You Can Actually JB Weld A Broken Connecting Rod Back Together In A Pinch

What can't JB Weld do? It's the metal glue that works wonders, and has left dozens of flat surfaces around my workshop with a swirled glop of grey permanently affixed. This is rarely the kind of thing you use for a permanent fix on any project, but sometimes a temporary fix is all you need. And sometimes temporary becomes permanent when it does the job good enough to never need fixing again. A few bucks worth of this two-part bond can fix things that would normally cost a lot more to replace. And apparently, if you're in a pinch, it can even be used to reunite two halves of a snapped connecting rod. 

The mad scientists at BigTime are back at it again, putting together a handful of different experiments to determine exactly what JB Weld won't fix. Each of these tests is probably unwise, and some possibly even rise to the matter of dangerous. This is one of those "don't try this at home" kinds of things, unless you're extremely desperate. Maybe you blew up your differential forty-five miles down an abandoned two-track trail and haven't seen anyone in a couple days, and you need to get things back together enough to limp it home. Maybe you punctured a hole in your oil pan and need to glop it up enough to hold the oil in until you can get a new one. Or maybe you cut a brand new minibike connecting rod in half and want to test how long it will stay together if you put a bunch of epoxy on it. 

Whatever the situation is, it's entirely possible that JB Weld will be there for you. It just depends how long you need it to be there for you. 

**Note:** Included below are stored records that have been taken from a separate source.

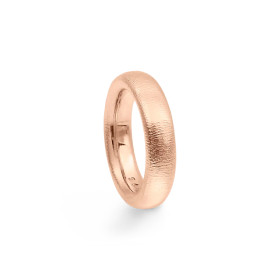         Roségold, Ringe, Ole Lynggaard Copenhagen The Ring A2005-701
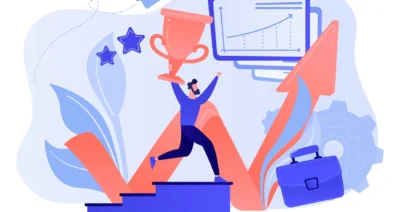 Güçlü Web Site Tasarımı ile Rakiplerinizi Geride Bırakın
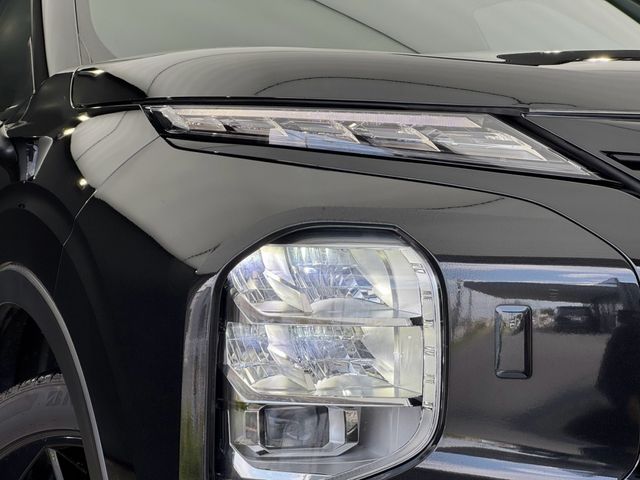 image 23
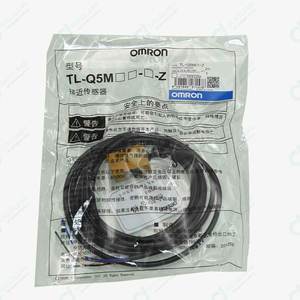 Interruptor de proximidad Omron, - Product Image 1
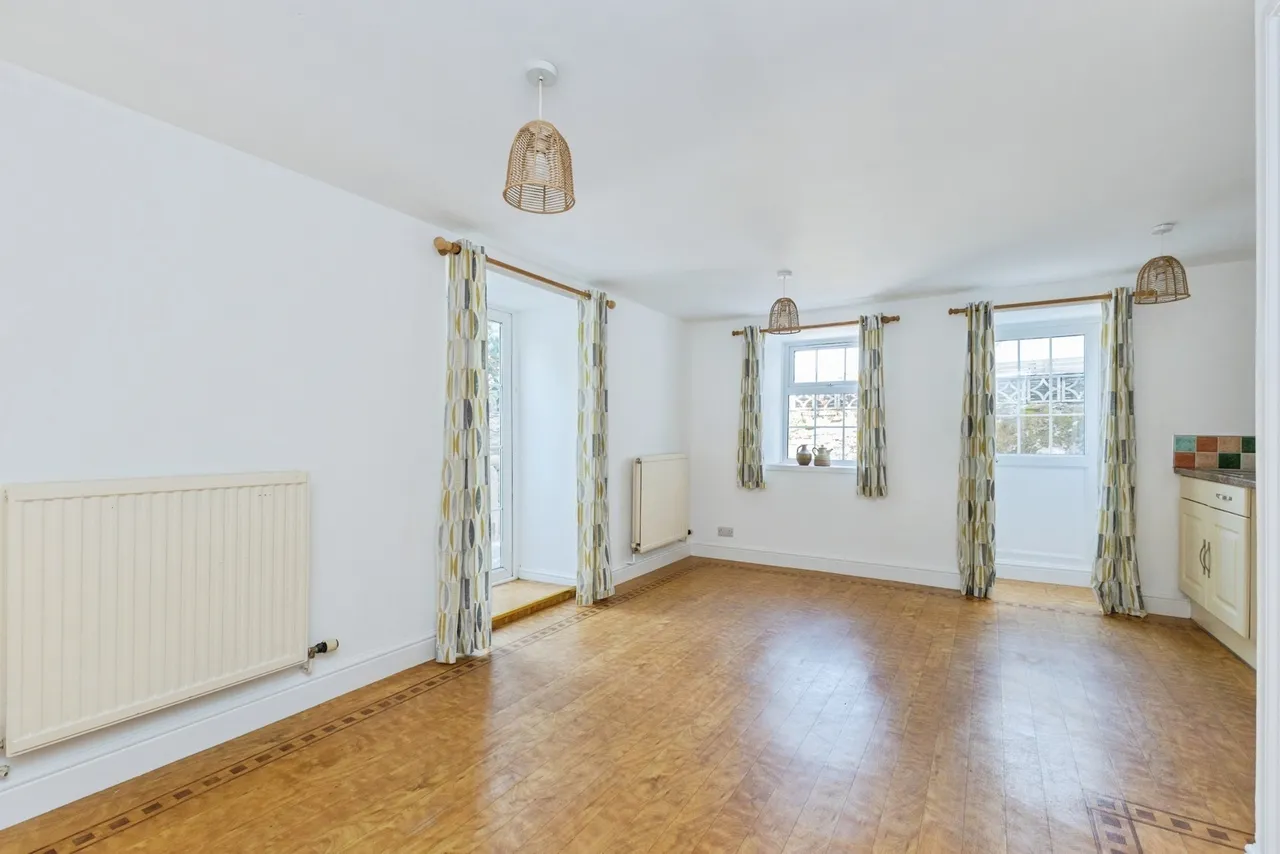 Totnes Road, Paignton, TQ4, photo 9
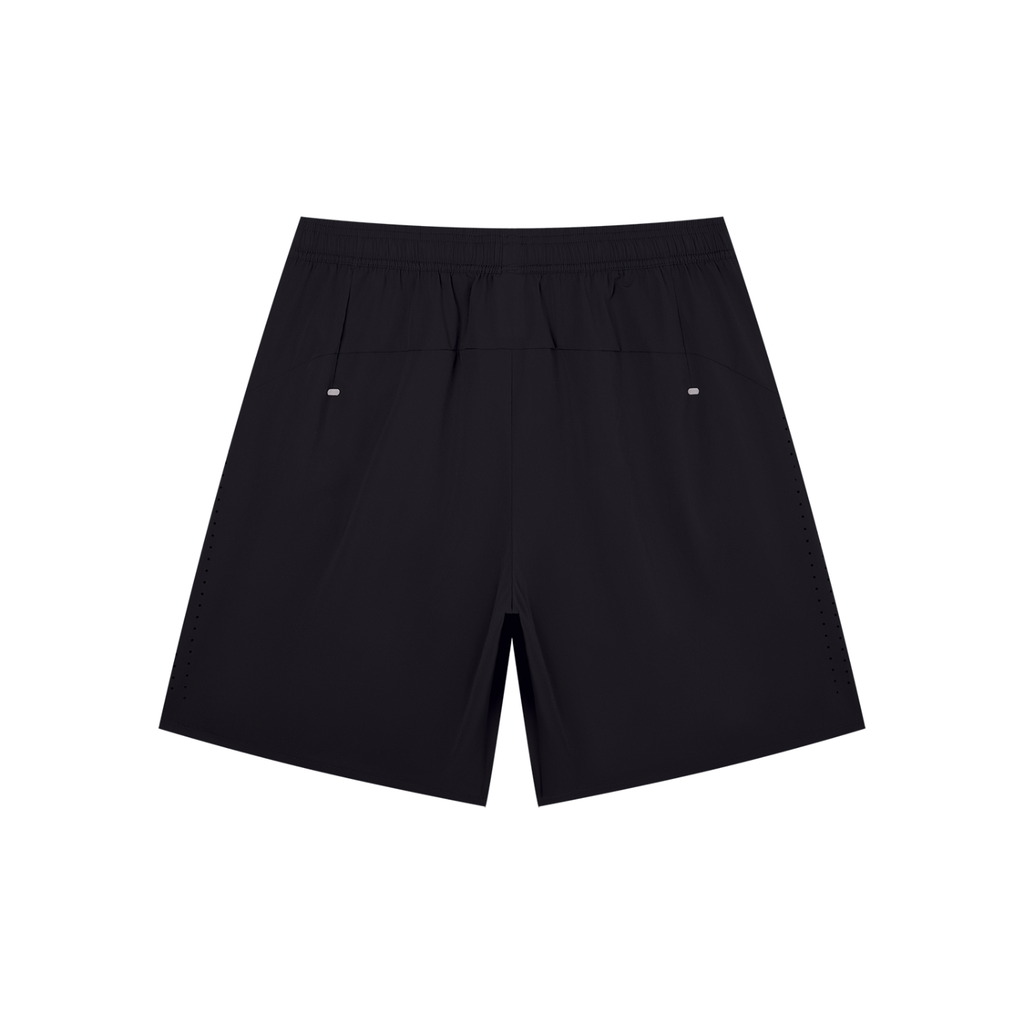 DNMS Signature Performance Shorts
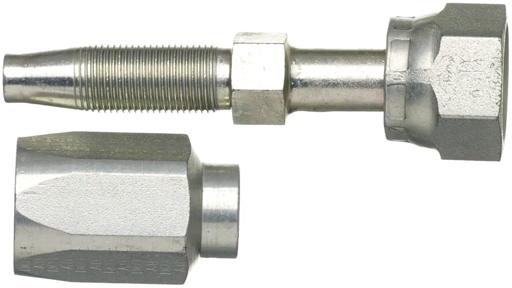 Gates - GATG34230-0606 - G34230-0606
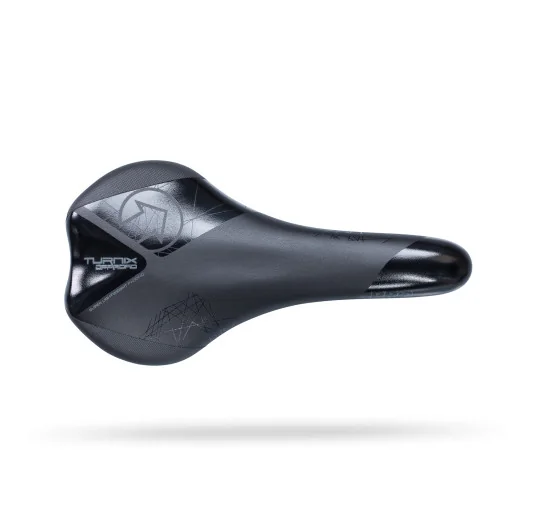 Asiento Turnix Offroad 142MM - PRO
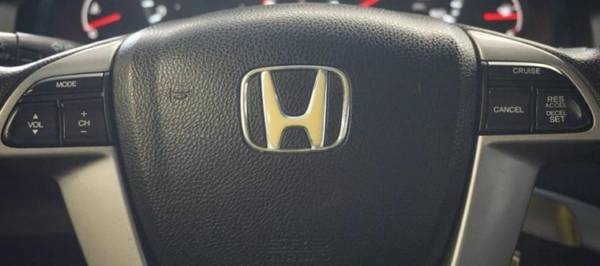 2010 Honda Accord EX 4dr Sedan 5A for sale in Cuyahoga Falls, OH – photo 14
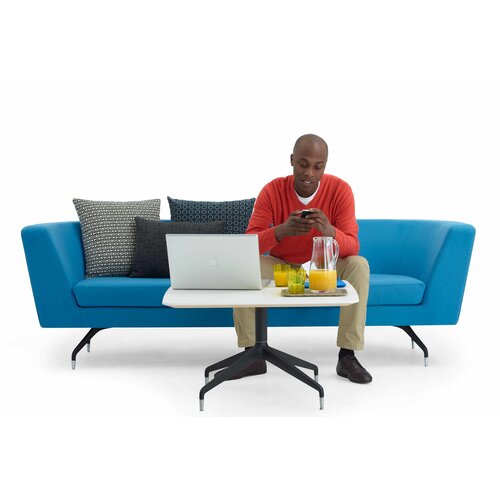 Orangebox Orangebox Cwtch bank Orangebox Orangebox Cwtch bank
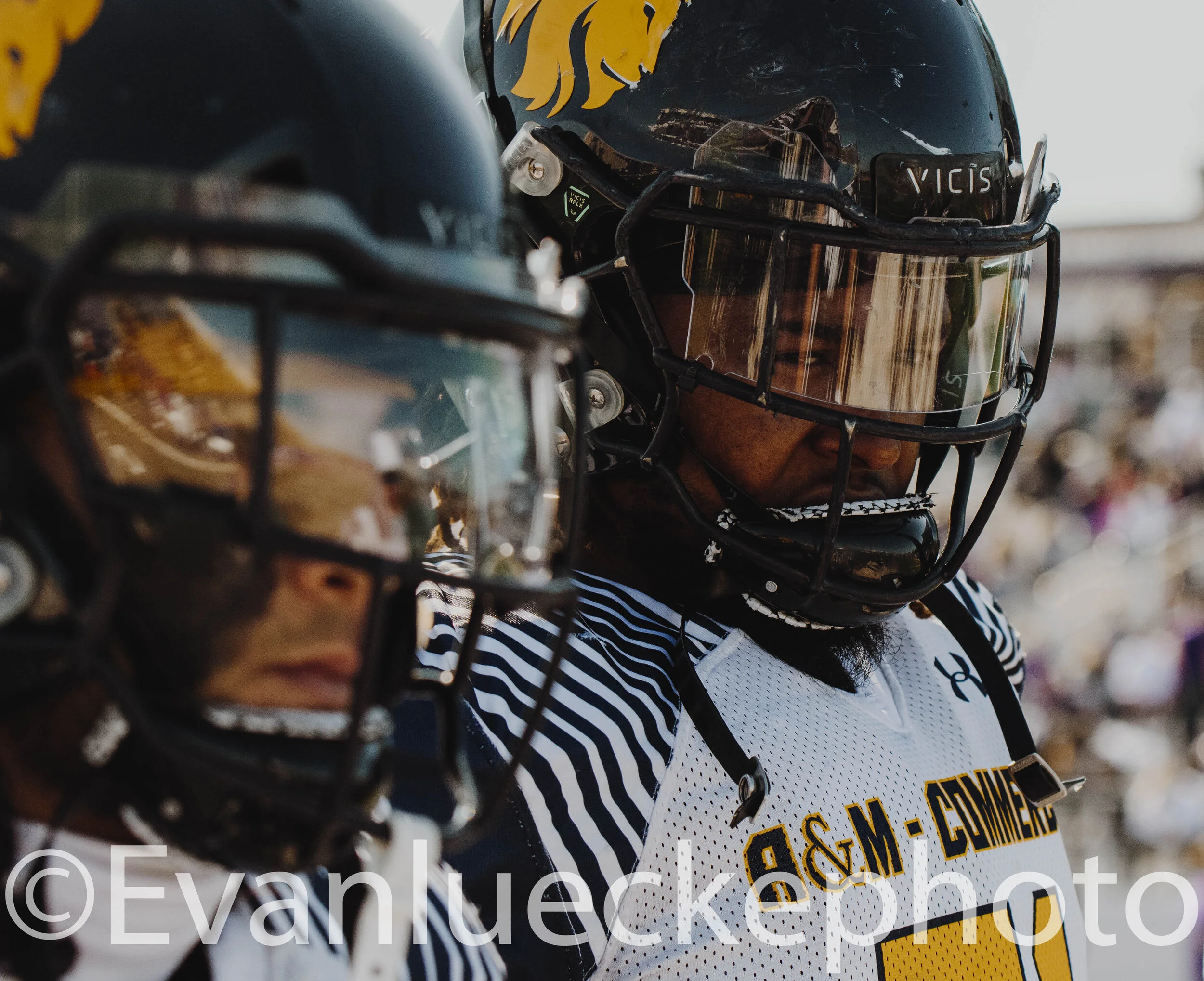 tamucvsTSU90828.jpg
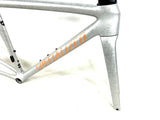 2026 Specialized Tarmac SL8 Pro Carbon Frameset Size: 49cm (Preowned)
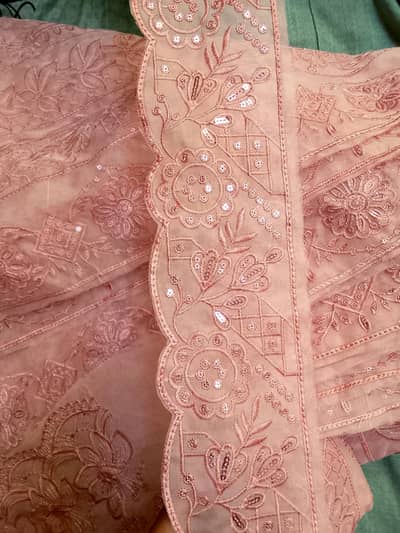 embroidery dress patches
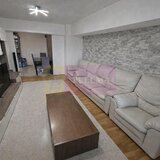 Alba Iulia, 3 camere, stradal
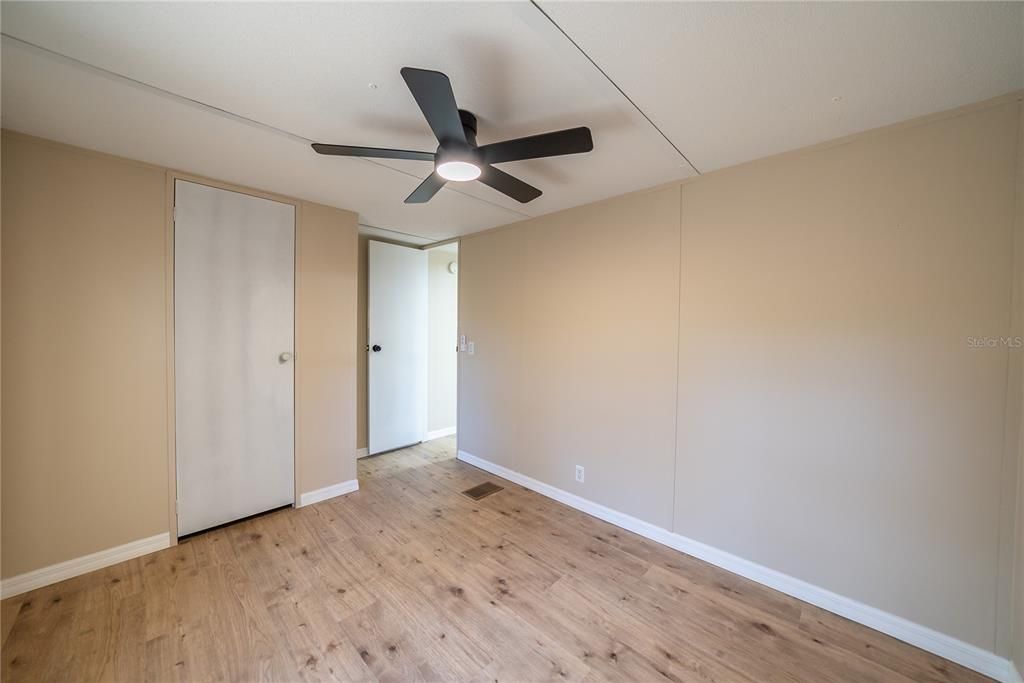 En Venta: $155,000 (3 camas, 2 baños, 1152 Pies cuadrados)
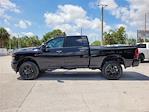 New 2025 Ram 2500 Big Horn Crew Cab 4x4 Pickup for sale #N25406 - photo 7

It'll run, but not forever

When these fellas threw some JB Weld on an oil pan plug that had been overtorqued, I was immediately confident that the epoxy would hold and they'd never see a drop of oil leak from that oil pan again. That's more or less the intended use for JB Weld, it works so well. There's almost no reason to test this use case, it's such a well-trodden path. Let's move on to something a bit more interesting. 

It's a bit premature to determine whether the JB Welded differential will stay together long-term, but I'm inclined to believe it will. Given that the crew used two full packs of JB Weld and really got it in between all of the spider gears of the differential, it's probably going to hold for several dozen burnouts, at least. The weak link in that chain is typically the bond between the tires and the road, so you'll get the tires to spin up before the differential eats itself. Unless you do something stupid, like run it out of gear oil, or do a lot of neutral drops. 

The big surprise for me was seeing the minibike engine's connecting rod cut in half and glued back together with JB Weld. As Zach says in the video before the test is complete, "I think it'll start, I just think first rev it's coming apart." I'm not even sure I was that optimistic. To see the bike not only start and settle into an idle, but rev a little and ride around for a seriously long time, was totally unexpected. Now that I've seen it happen, I'm almost convinced that if the guys had drilled holes above and below the "break" in the connecting rod, the JB Weld would have had more purchase on the metal and might not have broken quite as quickly. Maybe they should give it another try.